■ Material for this exercise
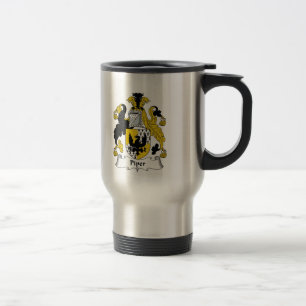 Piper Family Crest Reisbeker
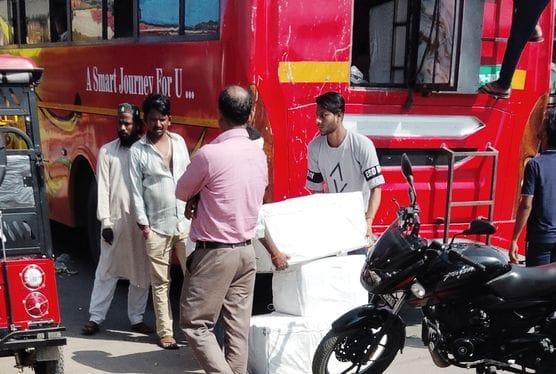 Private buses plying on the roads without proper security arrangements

--

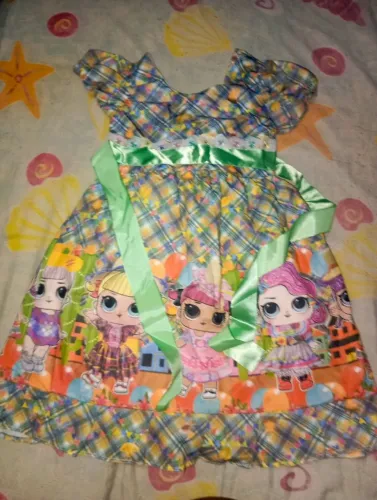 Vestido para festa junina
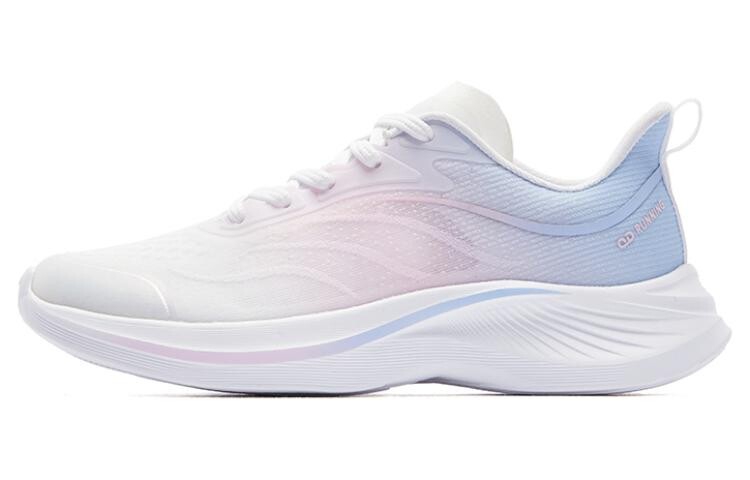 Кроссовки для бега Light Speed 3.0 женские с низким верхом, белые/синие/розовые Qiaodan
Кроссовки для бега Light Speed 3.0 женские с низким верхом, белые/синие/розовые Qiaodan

■ Your objective
Using the records above, return verbatim only the part that opens with the line containing "Piper Family Crest Reisbeker" and closes with the line containing "Private buses plying"; pictures stay out.

■ Answer box
 Piper Family Crest Reisbeker
 Private buses plying on the roads without proper security arrangements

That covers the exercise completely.